Of all the entries below, retype only the lines from the one with "TGV TGVInoui GIF" through the one with "RELOJ ANALOGICO DIGITAL", exactly as they appear.

## RECORDED DATA
-- Opening Marker --

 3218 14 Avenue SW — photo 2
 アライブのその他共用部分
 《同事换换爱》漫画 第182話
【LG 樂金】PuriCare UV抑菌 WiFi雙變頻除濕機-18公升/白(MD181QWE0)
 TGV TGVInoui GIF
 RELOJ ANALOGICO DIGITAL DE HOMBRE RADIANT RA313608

-- Closing Marker --
-- Opening Marker --

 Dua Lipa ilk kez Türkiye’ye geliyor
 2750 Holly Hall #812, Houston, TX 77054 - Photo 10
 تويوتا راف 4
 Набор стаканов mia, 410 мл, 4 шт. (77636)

-- Closing Marker --

## EXERCISE RESULT
 TGV TGVInoui GIF
 RELOJ ANALOGICO DIGITAL DE HOMBRE RADIANT RA313608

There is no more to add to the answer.